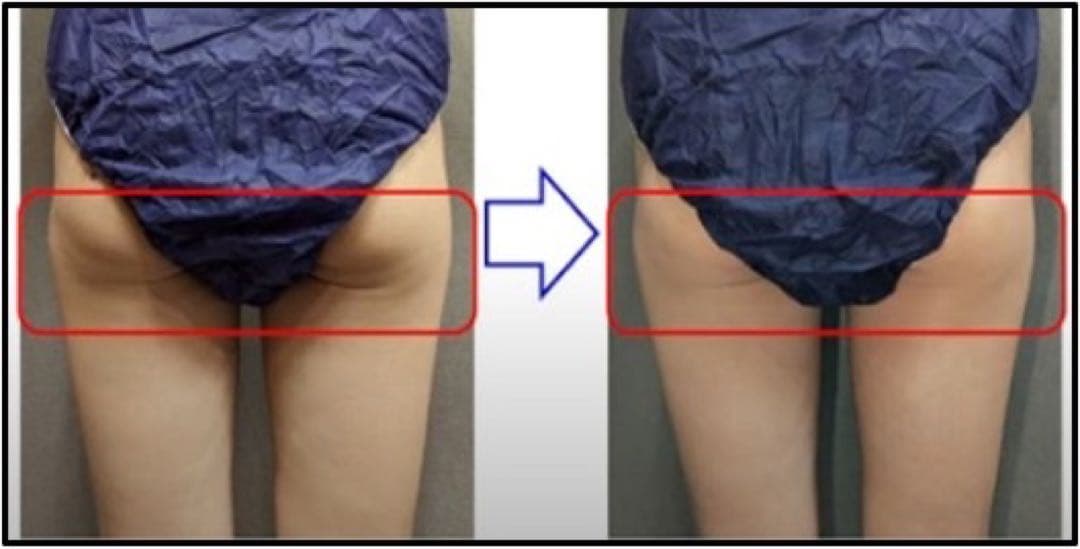 【最強痩身クリーム‼️】NFクリーム McCoy ノンFシリーズ /サロン専売品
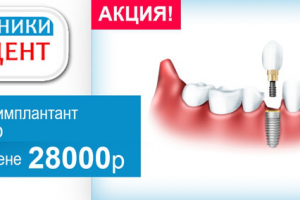 БАННЕР | Акция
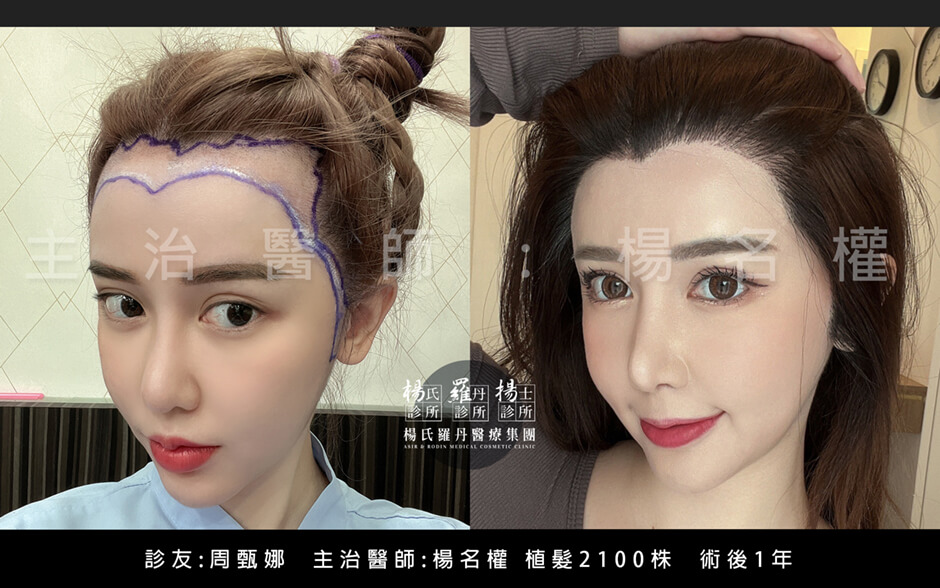 植髮 美型植髮 植髮手術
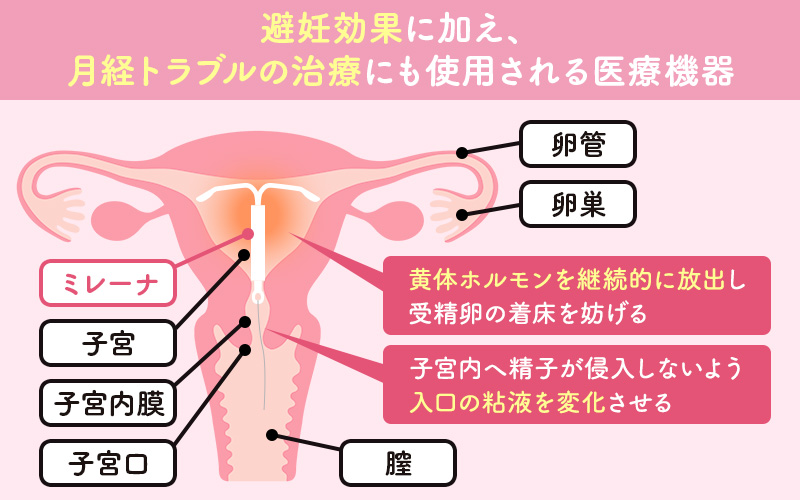 ミレーナとは?避妊や月経トラブルの治療が可能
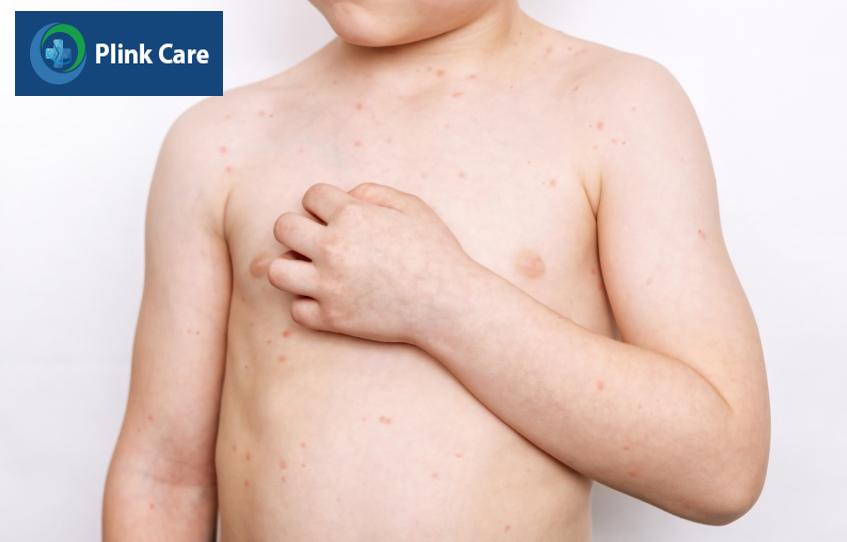 tuyệt đối không cho trẻ gãi ngứa ở các nốt thủy đậu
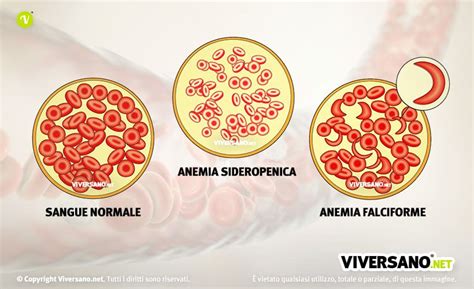 Anemia Microcitica Falciforme E Altri Tipi Cause Sintomi E Rimedi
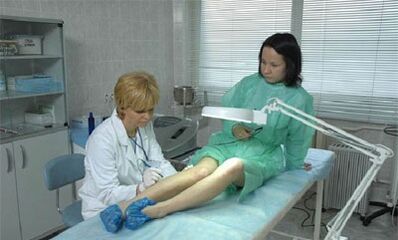 wie man Krampfadern in den Beinen behandelt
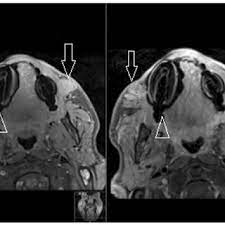 Just as hunters can identify animals from tracks in mud or snow, physicists identify subatomic particles from the traces they leave in detectors. Pdf Mri In Detecting Facial Cosmetic Injectable Fillers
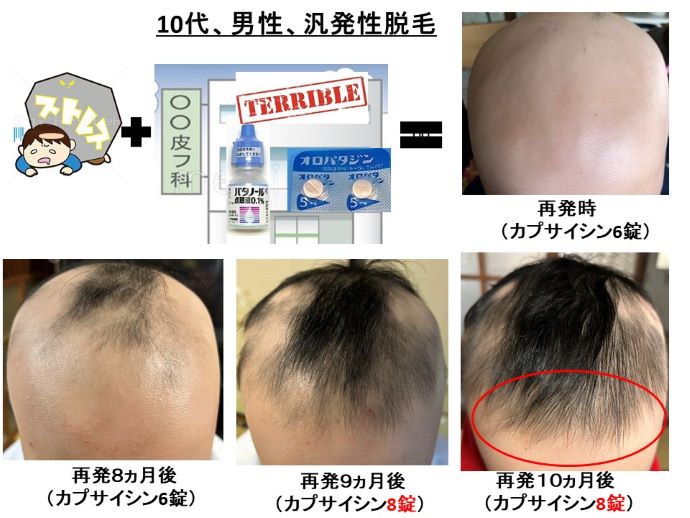 円形脱毛症　病院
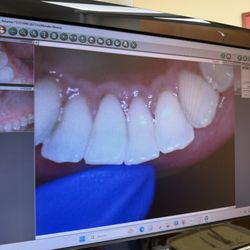 Monika Bhatia, DDS - Post cleaning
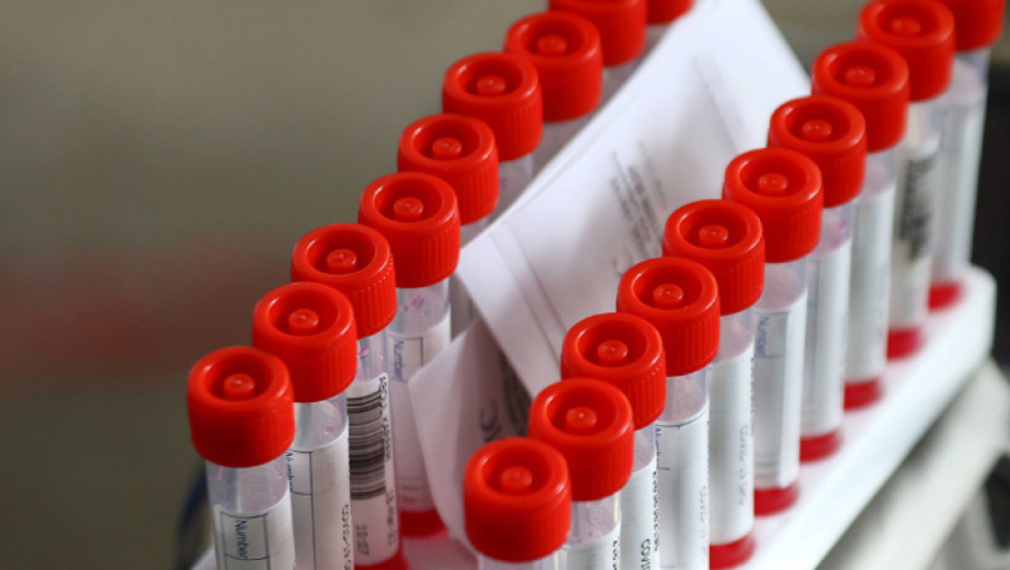 1539 са новите случаи на коронавирус у нас, положителни са 15,3% от пробите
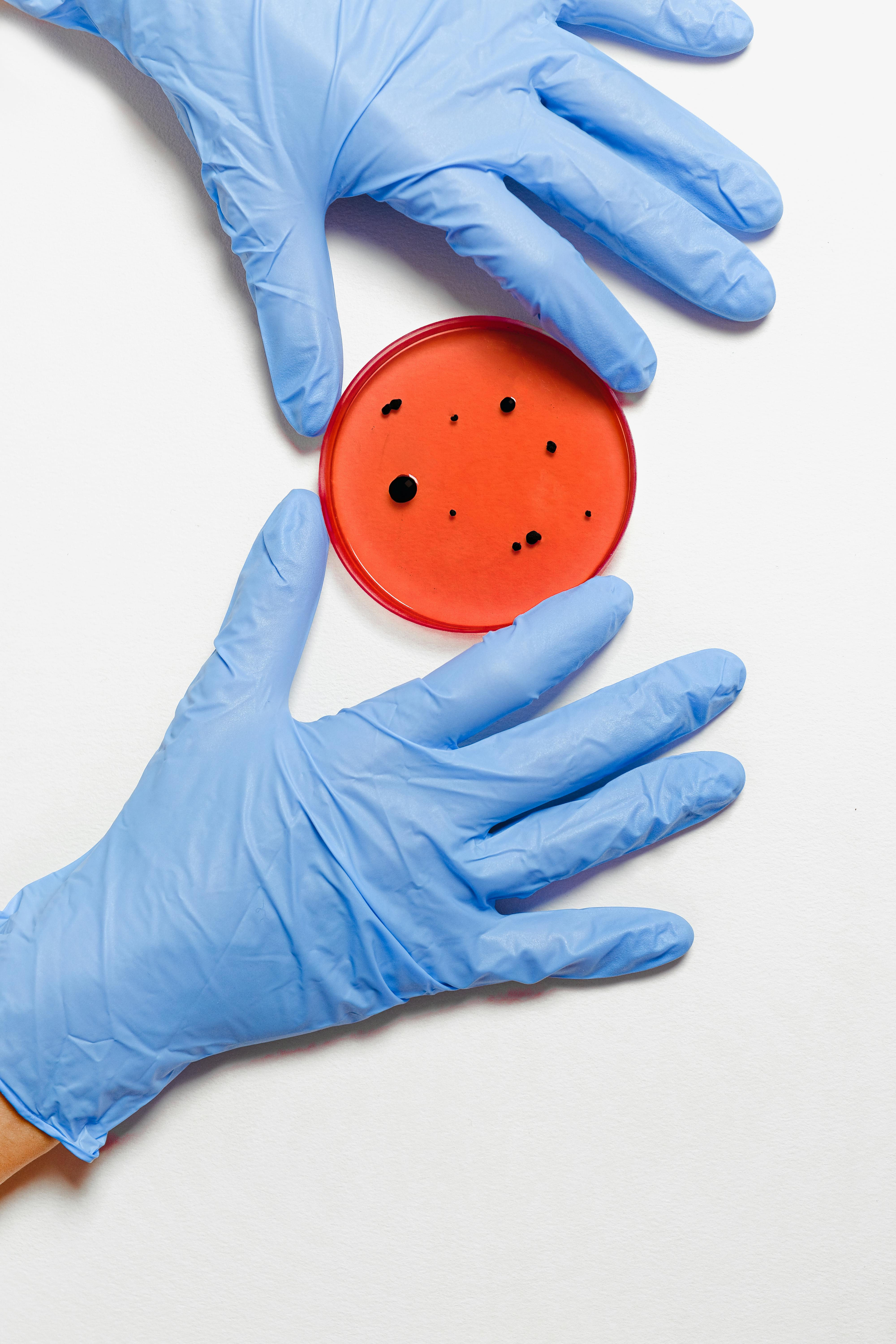 Scientist wearing blue gloves examines bacteria culture in a red petri dish in laboratory setting.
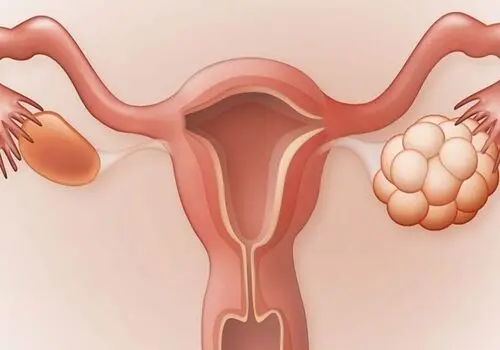 با انتخاب یکی از این ورزش ها با تنبلی تخمدان خداحافظی کنید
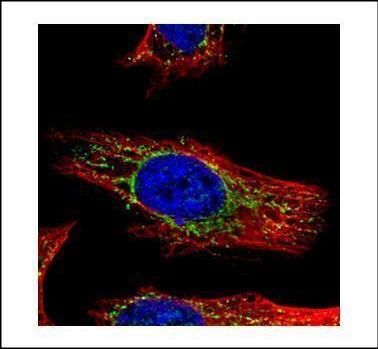 GALNS Rabbit Polyclonal Antibody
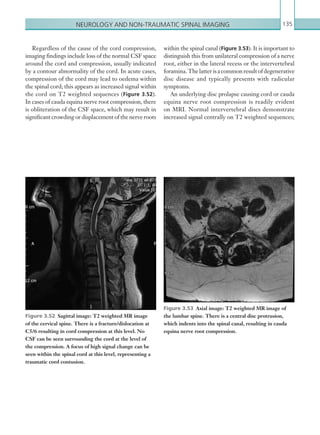 Neurology and non-traumatic spinal imaging 135
within the spinal canal (Figure 3.53). It is important to
distinguish this from unilateral compression of a nerve
root, either in the lateral recess or the intervertebral
foramina.Thelatterisacommonresultofdegenerative
disc disease and typically presents with radicular
symptoms.
An underlying disc prolapse causing cord or cauda
equina nerve root compression is readily evident
on MRI. Normal intervertebral discs demonstrate
increased signal centrally on T2 weighted sequences;
Regardless of the cause of the cord compression,
imaging findings include loss of the normal CSF space
around the cord and compression, usually indicated
by a contour abnormality of the cord. In acute cases,
compression of the cord may lead to oedema within
the spinal cord; this appears as increased signal within
the cord on T2 weighted sequences (Figure 3.52).
In cases of cauda equina nerve root compression, there
is obliteration of the CSF space, which may result in
significant crowding or displacement of the nerve roots
Figure 3.52  Sagittal image: T2 weighted MR image
of the cervical spine. There is a fracture/dislocation at
C5/6 resulting in cord compression at this level. No
CSF can be seen surrounding the cord at the level of
the compression. A focus of high signal change can be
seen within the spinal cord at this level, representing a
traumatic cord contusion.
Figure 3.53  Axial image: T2 weighted MR image of
the lumbar spine. There is a central disc protrusion,
which indents into the spinal canal, resulting in cauda
equina nerve root compression.
K22247_C003.indd 135 16/05/15 3:08 AM
 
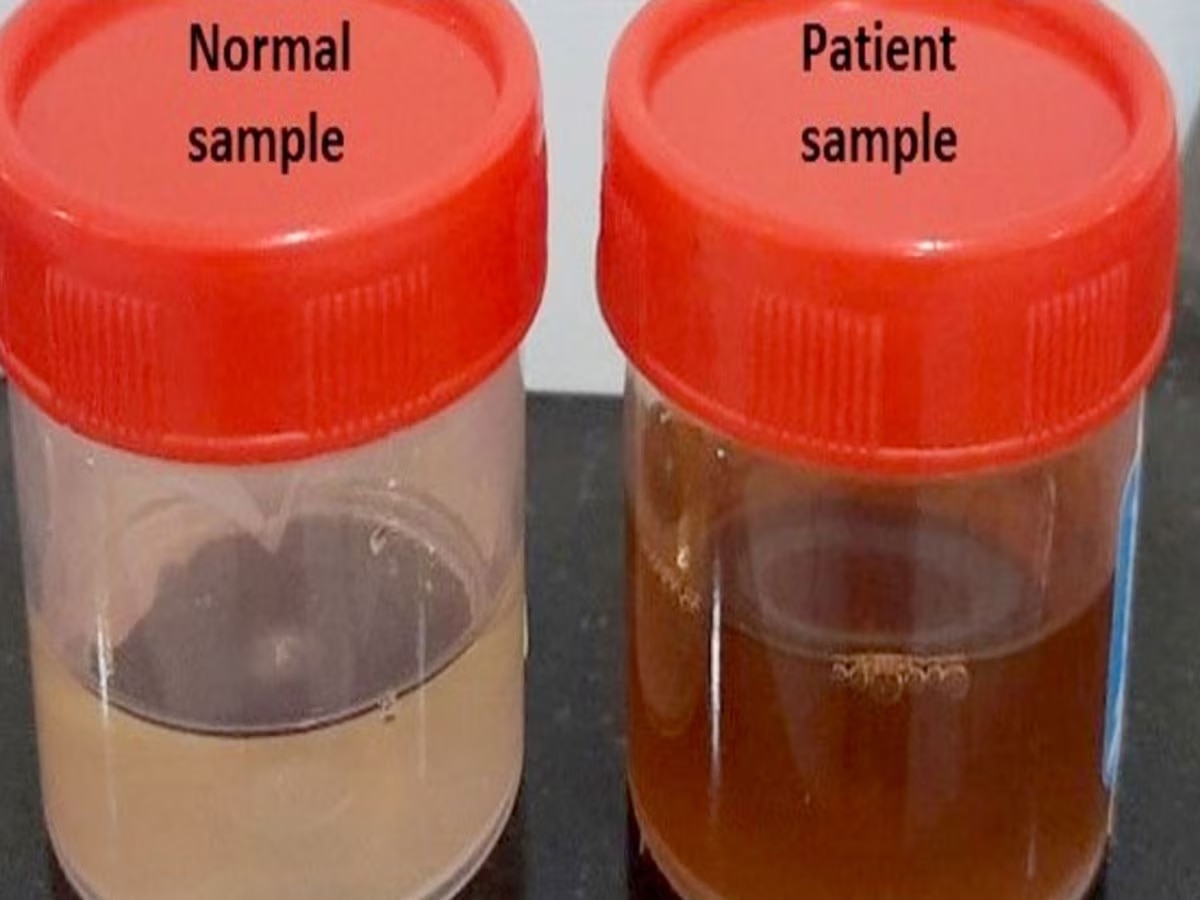 Urine or Pee Colors Indicate Health Issue Know 6 Colour Urine Cause And Affects 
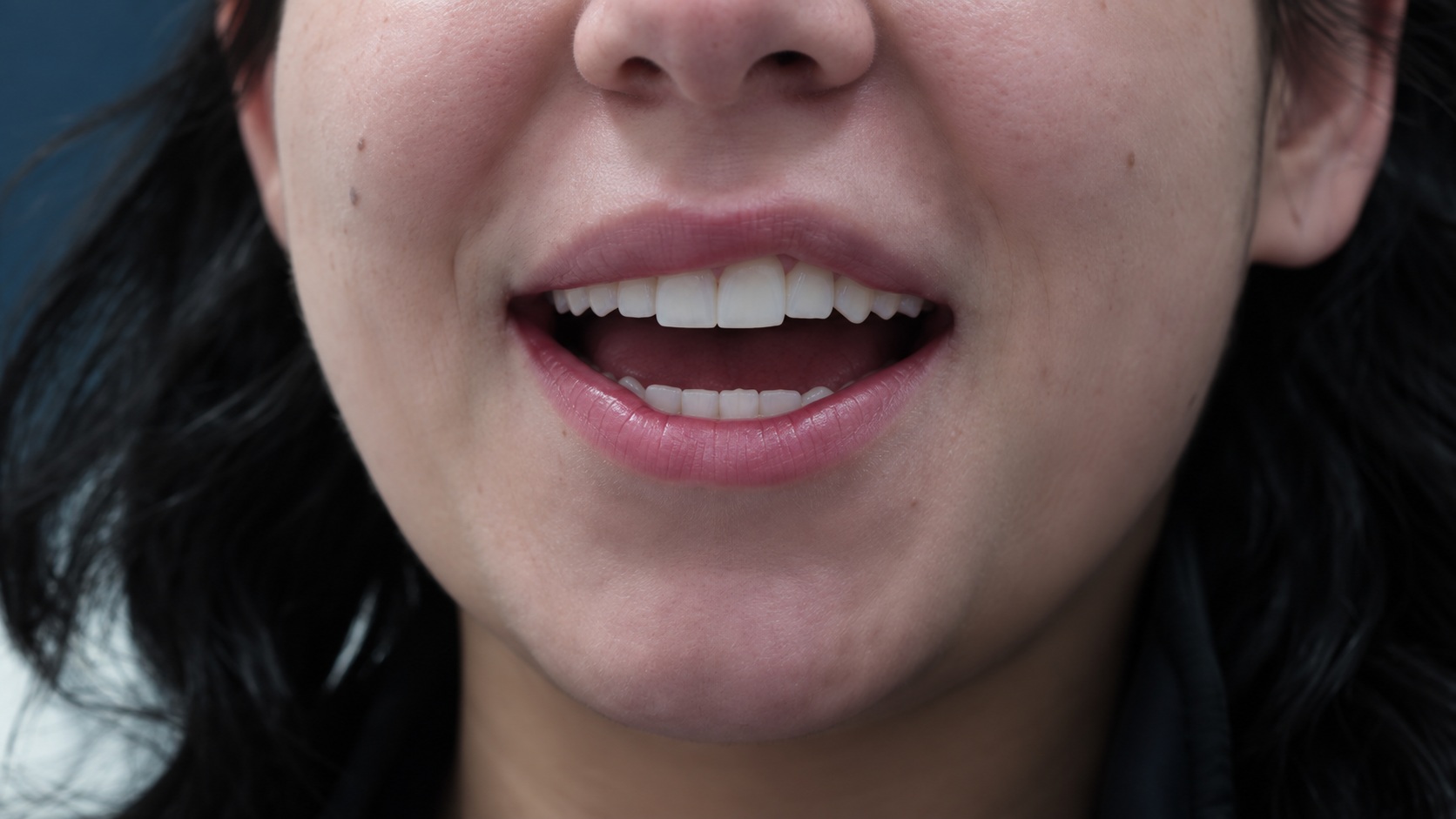 Un segundo ángulo de la sonrisa de la paciente.
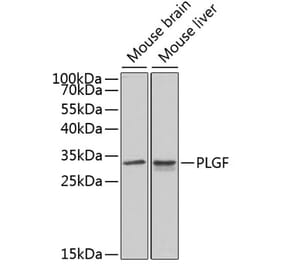 Western Blot - Anti-PLGF Antibody (A13618) - Antibodies.com
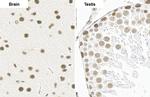 SMARCA2 Antibody in Immunohistochemistry (Paraffin) (IHC (P))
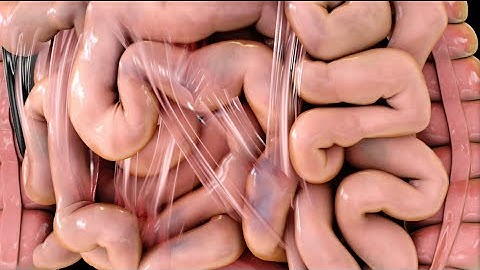 Laparoscopic Lysis of Abdominal Adhesions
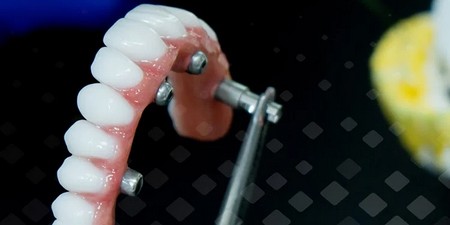 Зачем в протезе на имплантах искусственная десна?
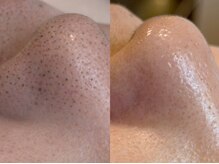 ウィズルーチェ 麻布十番店(with luce)/気になる毛穴へアプローチ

# Exercise details
Report, for the data above, every line in which the string "this" appears.

# Answer section
distinguish this from unilateral compression of a nerve
the spinal cord; this appears as increased signal within
C5/6 resulting in cord compression at this level. No
seen within the spinal cord at this level, representing a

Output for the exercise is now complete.